Misure anti inquinamento: le osservazioni di Confartigianato
28 Gennaio 2020 ore 08:52

Misure anti inquinamento: le osservazioni di Confartigianato. Lettera dell’associazione ai Sindaci di Novara, Trecate e Vercelli.

Misure anti inquinamento: le osservazioni di Confartigianato

Giorni di allarme inquinamento in diverse città italiane, da Torino a Roma; e con il prossimo autunno – secondo il Piano regionale di qualità dell’aria della Regione Piemonte, stop anche ai veicoli diesel Euro 4. nelle aree urbane dei comuni con popolazione, superiore a 20.000 abitanti con adeguato servizio di trasporto pubblico locale.
“I superamenti del livello di protezione della salute per le polveri sottili - PM10 – riporta in evidenza il tema dell’inquinamento delle nostre città” commentano Michele Giovanardi e Amleto Impaloni, presidente e direttore di Confartigianato Imprese Piemonte Orientale “sul quale Confartigianato Imprese Piemonte Orientale era già intervenuta nei mesi scorsi, in merito alle possibilità di movimento per i mezzi aziendali impegnati in attività di lavoro e di emergenza, nonché per le necessarie agevolazioni per l’adeguamento del parco veicolare da parte delle imprese”.
Il permanere di situazioni difficili per la qualità dell’aria riporta in primo piano il tema dell’inquinamento dovuto a impianti di riscaldamento non adeguati, in edifici privati e pubblici, e dell’utilizzo di interventi diversi dall’immediato e unico blocco del traffico, o in sinergia con questo.
“Il lavaggio delle strade andrebbe utilizzato come strumento di eliminazione delle concentrazioni di particolato, anche in affiancamento ad altri interventi “spiegano Impaloni e Giovanardi “Tale semplice intervento sinora è stato utilizzato solo in eventi episodici, tanto da non avere neppure una base statistica di analisi di ampiezza tale da assicurare una analisi approfondita”.

Così ad esempio si era espresso il Rapporto dell’ARPA sulla sperimentazione del lavaggio delle strade della città di Torino del 2016 mentre non mancano studi più articolati, soprattutto esteri, che documenterebbero una significativa riduzione delle PM10 a seguito del lavaggio delle strade.
“Una strada da percorrere, un fenomeno da studiare capace di una riduzione della concentrazione di particolato anche oltre il dieci per cento” suggeriscono Giovanardi e Impaloni, che concludono raccomandando “alle pubbliche amministrazioni di disporre provvedimenti che non penalizzino il lavoro e l’economia de territorio, di investire nei mezzi adeguati alla pulizia delle strade e di adottare strumenti di controllo del calore sviluppato e delle dispersioni di calore negli edifici pubblici così da creare occasioni di lavoro e minori emissioni più di quanto ne possa generare lo stop alla circolazione”

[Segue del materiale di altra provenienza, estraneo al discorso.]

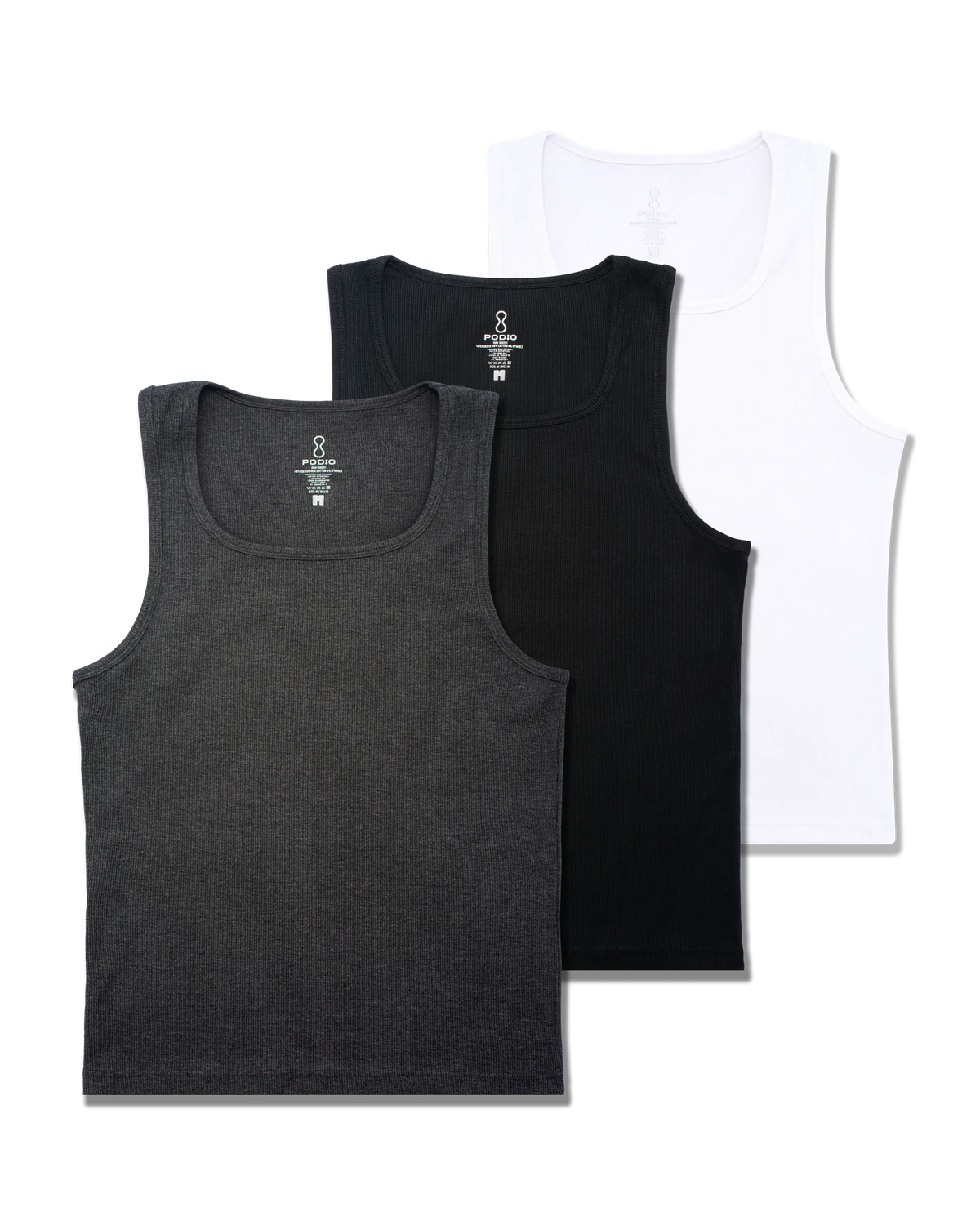 PODIO Core 3-Pack Tanks — all three ribbed muscle tanks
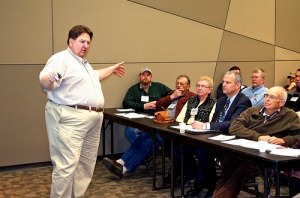 Senior Michigan State University Extension educator Roger Betz makes a point as he presents an educational session on the Farm Bill 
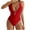 Red-01, variant on DISKEBUISS Women's Sexy Summer Swimsuits Lace Up Strappy Cross Backless Bathing Suit Monokini High Waist Swimwear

Sostituzione dei veicoli inquinanti con contributi

Confartigianato ha richiamato anche il recente Bando regionale per la sostituzione dei veicoli inquinanti rivolto a tutti i Comuni, Unione di Comuni Gestori di Aree protette , con contributi di un milione di euro per la sostituzione di veicoli inquinanti a loro disposizione, confermando la disponibilità dei propri esperti per l’istruzione delle pratiche.
E la necessità di riproporre il Bando per la sostituzione di veicoli aziendali in quanto ancora a disposizione risorse non pienamente impiegate.

Su questi temi, Confartigianato Imprese Piemonte Orientale ha indirizzato una lettera ai Sindaci di Novara, Trecate e Vercelli in quanto Comuni coinvolti nelle misure del Piano regionale di qualità dell’aria della Regione Piemonte.